The inevitable 2012 title was ‘Human population reaches 7 billion‘, surpassing anything anyone could have imagined 100 years ago. Now, we’re approaching a very worrying milestone – CO2 levels in the air will reach 400 ppm (parts per million), for the first time in human existence.
CO2 levels have risen at a quick, steady pace for several decades, as the chart above clearly shows. Now, just to get this out of the way, any man in his right mind will tell you this is man made, there’s no argument there. There is a direct connection between global CO2 levels and human activity, as was clearly observed by studies conducted on ice cores.

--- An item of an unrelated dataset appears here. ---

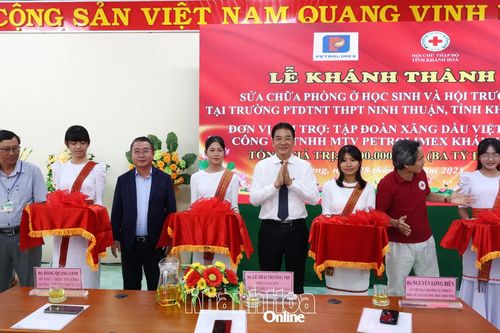 Khánh thành công trình sửa chữa phòng ở học sinh và hội trường Trường Phổ thông Dân tộc nội trú THPT Ninh Thuận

But hey, guess what. Geologists and paleoclimatologists don’t even look at thousands of years – that doesn’t even make any sense for us. Here, take a look at the CO2 levels from the past 800.000 years.

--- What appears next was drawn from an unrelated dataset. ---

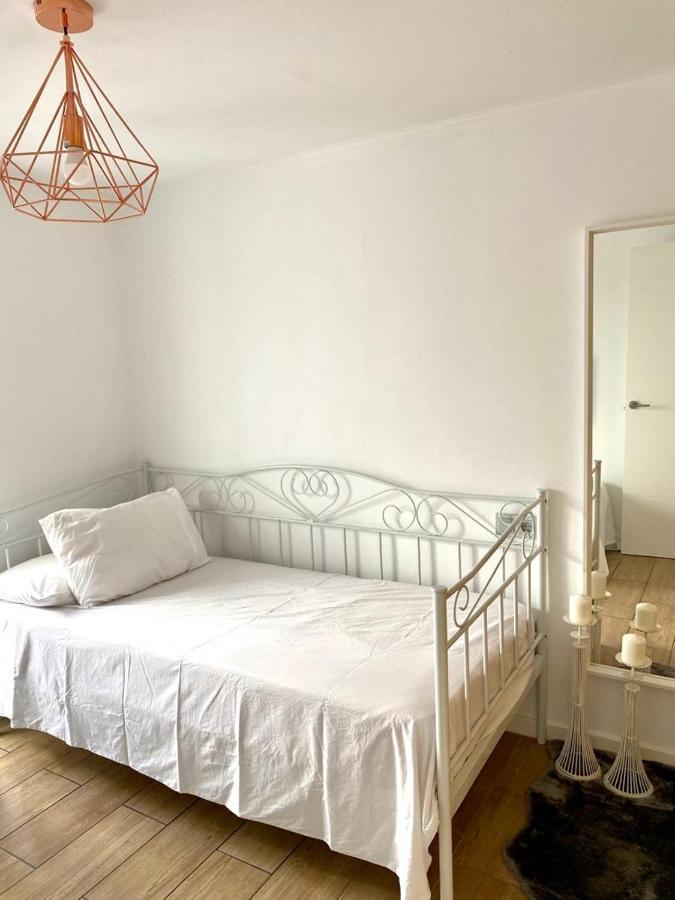 La Casita De Lu Apartment Касарес Екстериор снимка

As a matter of fact, in 2009, a research team from UCLA published a paper in Science concluded that we have to go back in time some 15 million years before we reach CO2 levels like those we have today; and that change happened in geologic time (hundreds of thousands/millions of years), slowly. The change we have today happened in about 100 years, so you can easily understand the differences.
So what does this mean? First of all, CO2 is a greenhouse gas, which in time causes global warming. Quite simply put, the more CO2 you have in the atmosphere, the hotter our planet gets. Considering how the CO2 level trend shows no intention of even slowing down, neither will global warming; on the contrary, IPCC models show the atmospheric concentration of CO2 could range between 541 and 970 ppm – an increase of 90–250% above the concentration in the year 1750. So rememeber this post until next year – we’ll be sure to remind you when we reach CO2 400 ppm.